Data:
..........

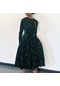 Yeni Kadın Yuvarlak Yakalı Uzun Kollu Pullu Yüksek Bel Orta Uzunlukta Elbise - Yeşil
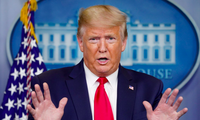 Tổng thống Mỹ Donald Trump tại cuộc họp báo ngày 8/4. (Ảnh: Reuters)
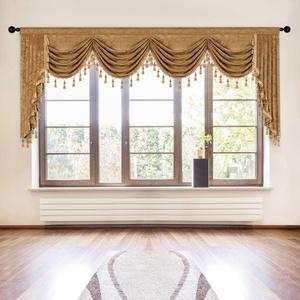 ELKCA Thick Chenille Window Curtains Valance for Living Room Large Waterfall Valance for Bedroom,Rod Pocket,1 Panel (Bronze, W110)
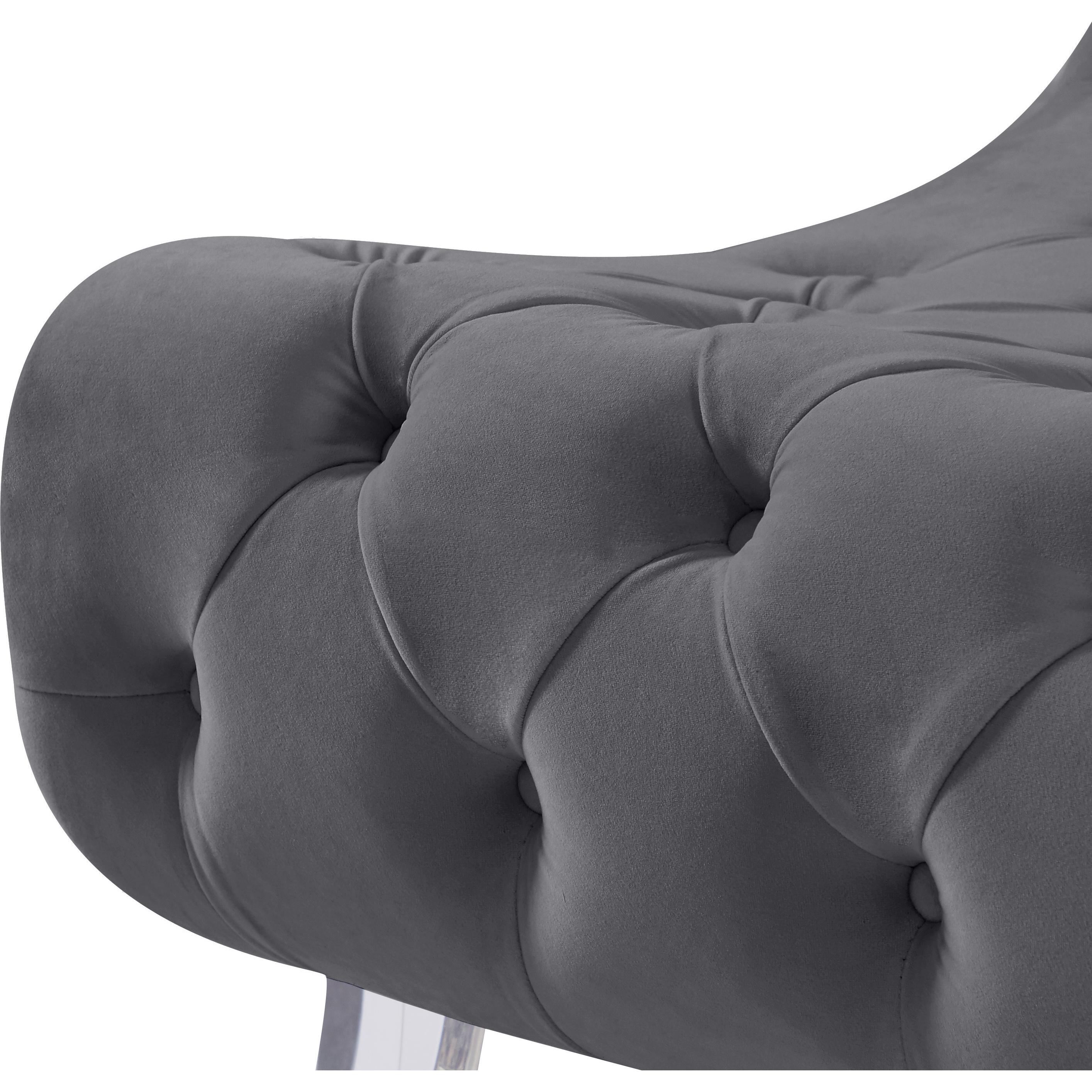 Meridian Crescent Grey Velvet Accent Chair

..........

What the exercise asks:
Transcribe each line above verbatim, with the pictures left out.

Task result:
 Yeni Kadın Yuvarlak Yakalı Uzun Kollu Pullu Yüksek Bel Orta Uzunlukta Elbise - Yeşil
 Tổng thống Mỹ Donald Trump tại cuộc họp báo ngày 8/4. (Ảnh: Reuters)
 ELKCA Thick Chenille Window Curtains Valance for Living Room Large Waterfall Valance for Bedroom,Rod Pocket,1 Panel (Bronze, W110)
 Meridian Crescent Grey Velvet Accent Chair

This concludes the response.